Dann sagten Sie, Herr Schimmler, anfänglich – Frau Oesterheld, das ist auch die Richtung, in der Sie sich, bewegten –, dass es jetzt auch die höheren Gehaltsklassen trifft. Diejenigen, die Sie jetzt meinen und sich vorstellen, die Initiatoren, die Bauträger und ähnliches, haben am Anfang verdient. Sie verdienen nicht bei der Anschlussförderung. Das sind die Gesellschaften. Sie haben ihre Kasse gemacht. Das ist unstreitig. Die interessiert das gar nicht. Es sind die Initiatoren, die längst draußen sind oder nur noch mit ihrer Geschäftsführungsgesellschaft dabei sind, wo nur noch relativ verdient wird. Diejenigen, die es trifft, sind die Anleger und Investoren.

Nun sagen Sie, Frau Oesterheld, dass Sie mit denen kein Mitleid haben. Es ist schon Schadenfreude gewesen. Die Lumpen hätten die Steuern verkürzt. Ich bin einverstanden damit. Ich bin überhaupt kein Freund eines solchen Systems hoher Steuersätze und gleichzeitigen Steuerbegünstigungsmodelle, mit denen versucht wird, volkswirtschaftliche Ströme in Gang zu setzen und zu lenken. Das halte ich für Unsinn. Es funktioniert nicht, dass einerseits ein Hochsteuersatzsystem installiert wird, mit hohen Steuersätzen im gewerblichen und privaten Bereich, über ein solches Fördersystem vom Bürger erwartet wird – es war eine Erwartung, die die Politik gestellt hat –, steuerreduzierend sein Geld in bestimmte Investitionen zu lenken und sich dann als Teil des Systems – das haben Sie auch, als Sie in der Regierungsverantwortung waren – zu verstehen und zu sagen, die anderen hätten Pech gehabt. Das ist kein redlicher Umgang mit den Leuten.

[Beifall bei der FDP]

Sie haben das getan, was Politik auf Bundes- und Landesebene von ihnen erwartet haben. Sie haben ihr Geld nicht auf ein Schweizer Konto übertragen. Sie haben nicht in Aktien oder andere Dinge investiert, sondern es genau dort hineingesteckt, wo man es von ihnen erwartet hat. Deswegen gibt es für Häme und Schadenfreude überhaupt keinen Anlass.

[Beifall bei der FDP]

Das Ganze führt zu einem Vertrauensschaden. Berlin ist aber im Moment – das sage ich deutlich – nicht in der Situation, sich weiter im Bereich der Wirtschaft, im Bereich von Investoren weiteren Vertrauensschaden leisten zu können. Wir müssen uns nur die Situation der Stadt ansehen. Ich habe Ihnen gesagt, dass Ihre rot-rote Politik letztlich darin besteht, sich von einem Gericht zum anderen zu hangeln. Sie sitzen wegen des Flughafens in Leipzig, Sie sitzen wegen der Anschlussförderung in Leipzig, Sie sitzen wegen der allgemeinen Haushaltssituation in Karlsruhe. Die Flucht in die Justiz ersetzt aber keine vernünftige Politik, vor allen Dingen keine Wirtschaftspolitik.

[Beifall bei der FDP]

Sie haben in Ihrer Verantwortung eine Steigerung der Arbeitslosenquote von 15,2 % auf 18,2 % zu verantworten. Das ist Ihre Politik. Sie haben die Schulden verdoppelt. Sie haben die Arbeitslosenquote um 3 % erhöht, und Sie sind PISA-Letzter. Das ist – zusammengefasst – das Ergebnis rot-roter Politik.

[Beifall bei der FDP]

Gestatten Sie eine Zwischenfrage von Herrn Hoff?

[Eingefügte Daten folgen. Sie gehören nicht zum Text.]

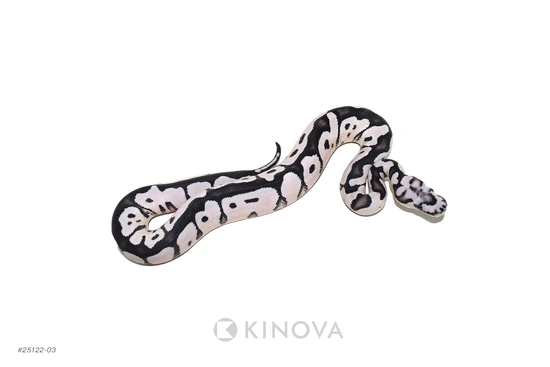 VPI Axanthic DG Clown Ball Python by KINOVA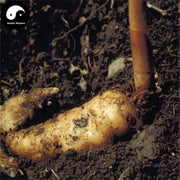 Tian Ma Gen 天麻根, Rhizoma Gastrodiae, Tall Gastrodia Tuber, Gastrodia Elata Root-Health Wisdom™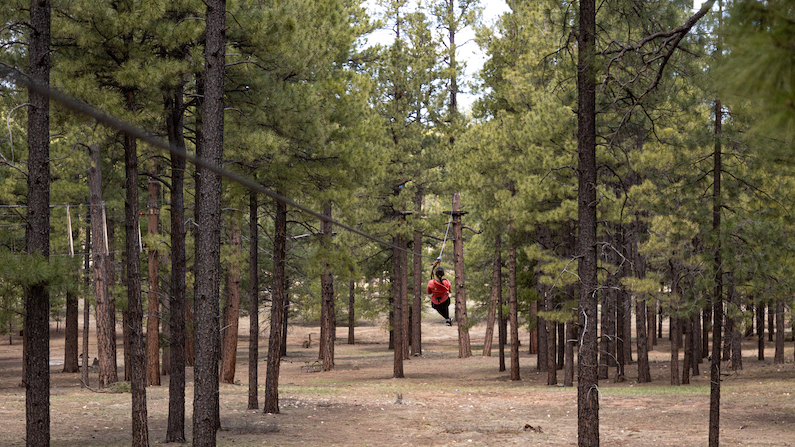 Ziplining in Flagstaff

Nein! – Da ist man nicht in der Situation, Anleger zu verprellen, Wirtschaft zu verprellen und zum Gericht zu laufen, sondern da ist man an sich in der Situation, vernünftig mit ihnen umzugehen, für den Standort zu werben und eine Wirtschaftspolitik zu betreiben, die den Bürgern zugute kommt. Aber da haben Sie komplett versagt. Und jetzt feiern Sie hier Ihre Urteile!

[Zuruf des Abg. Brauer (Linkspartei.PDS)]

[Zuruf des Abg. Eßer (Grüne)]

Aber das Einzige, was Sie sich leisten, ist, neue Investoren als Heuschrecken zu titulieren und davon abzuschrecken, diese maroden Wohnungsbaugesellschaften endlich zu kaufen.

Herr Eßer, ich weiß gar nicht, warum Sie so herumplärren. Sie hatten in der Begründung der Aktualität doch eigentlich ganz vernünftige Ansätze! Sie sind wohl zurückgepfiffen worden!